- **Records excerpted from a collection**
^^^^^^^^

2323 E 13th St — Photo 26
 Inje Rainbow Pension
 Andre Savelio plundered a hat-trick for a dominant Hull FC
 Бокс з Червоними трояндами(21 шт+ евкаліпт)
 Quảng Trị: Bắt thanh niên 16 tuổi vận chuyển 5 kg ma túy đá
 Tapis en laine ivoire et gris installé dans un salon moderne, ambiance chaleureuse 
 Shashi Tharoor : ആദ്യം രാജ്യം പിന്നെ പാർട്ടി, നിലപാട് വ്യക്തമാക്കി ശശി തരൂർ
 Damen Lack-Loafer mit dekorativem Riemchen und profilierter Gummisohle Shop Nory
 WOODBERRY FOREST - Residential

^^^^^^^^

- **What you have to do**
Your task is to transcribe the line containing "Damen Lack-Loafer mit" and every line after it, through the last line of the data, exactly as written and with nothing more.

- **The answer**
 Damen Lack-Loafer mit dekorativem Riemchen und profilierter Gummisohle Shop Nory
 WOODBERRY FOREST - Residential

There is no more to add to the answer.